HARTFORD -- A state Department of Transportation official Friday told lawmakers that officials have negotiated a preliminary deal for Exxon Mobil to pay for the cleanup of environmental contamination at the state's highway service plazas.

"There is a draft agreement," Charlene Casamento, chief of the DOT's Bureau of Finance and Administration, told Gov. M. Jodi Rell and other members of the state Bond Commission.

Commission members subsequently voted to borrow $4.8 million to begin the work, with the understanding that money will be repaid by Exxon Mobil.

The cleanup is a direct consequence of the 35-year contract Rell and the DOT signed in late 2009 with Project Service LLC, a partnership between Subway sandwich shops and the Carlyle Group, to renovate and operate Connecticut's 23 service plazas.

Critics who felt Rell gave up too much direct revenue from the previous arrangement with Exxon Mobil were also concerned the state might have to foot the bill for millions of dollars of environmental cleanup.

The DOT at the time assured legislators it was holding Exxon Mobil, which has sold gasoline at the plazas for around 30 years, financially responsible.

But the agency undercut that assertion when it was learned it had unsuccessfully attempted to convince Project Services and a competitor for the service plaza contract to take on the cleanup responsibility.

"I'm trying to understand whether there's any fundamental disagreement" between Exxon Mobil and the state, said Rep. Cameron Staples, who, as co-chairman of the Legislature's finance committee, sits on the bond commission.

But Casamento said Exxon Mobil has, "been at the table, willing to take on their responsibility." In that case, asked Sen. Andrew Roraback, R-Goshen, another Bond Commission member, "what is there to negotiate?" DOT has declined to specify the extent of the contamination or the estimated cleanup costs beyond the $4.8 million.

A state report published in September 2008 concluded there were issues with groundwater contamination at many of the service plazas and leaky underground fuel storage tanks at 15 of the 23 locations.
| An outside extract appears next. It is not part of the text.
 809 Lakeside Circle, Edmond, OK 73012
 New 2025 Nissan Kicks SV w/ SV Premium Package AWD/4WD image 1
But Casamento did not want to get into details of the draft agreement with Exxon Mobil.

"Clearly, they're responsible for any pre-existing contamination," Casamento said.

Earlier this week Gov.-elect Dan Malloy expressed concern that the $4.8 million "might be the first of many appropriations needed for cleaning up Exxon Mobil's contamination of these sites." Asked afterward for additional details, DOT spokesman Judd Everhart said, "There's a (cost) number in the draft and that is the number we believe will cover the costs of the remedial work." The draft agreement requires final approval from Attorney General Richard Blumenthal's office.
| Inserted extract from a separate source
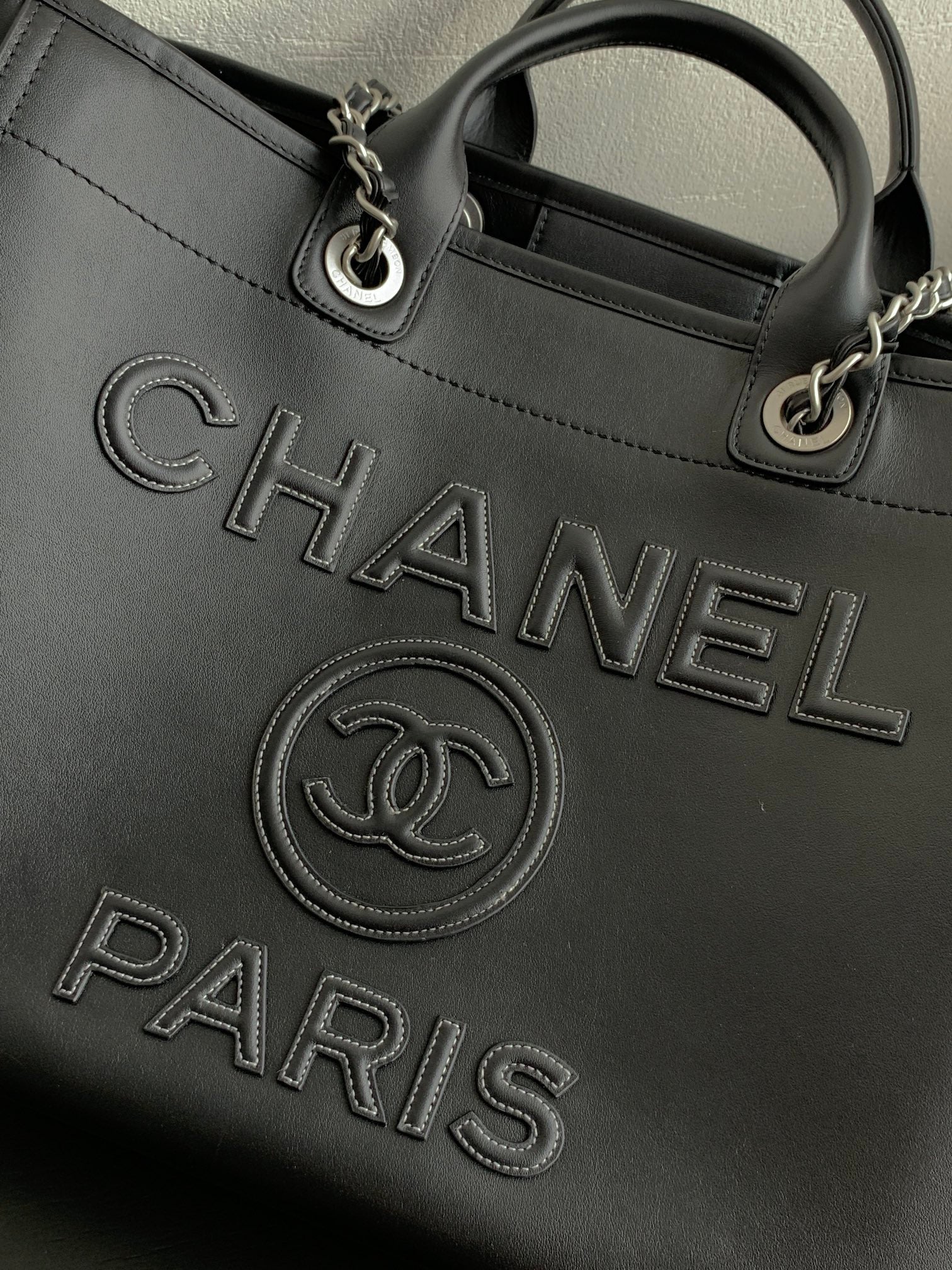 Пляжная сумка Chanel 24a из натуральной кожи, большая, черная.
Blumenthal, in a statement Friday afternoon, said, "My office is working closely with the Department of Environmental Protection to ensure we reach the best possible agreement to remediate and pay for contamination at (the) rest stops and fully protect taxpayers. The negotiations are continuing and we cannot comment further." A DEP spokesman also declined comment.

Despite the lack of details, Staples afterward said he was satisfied with Casamento's comments.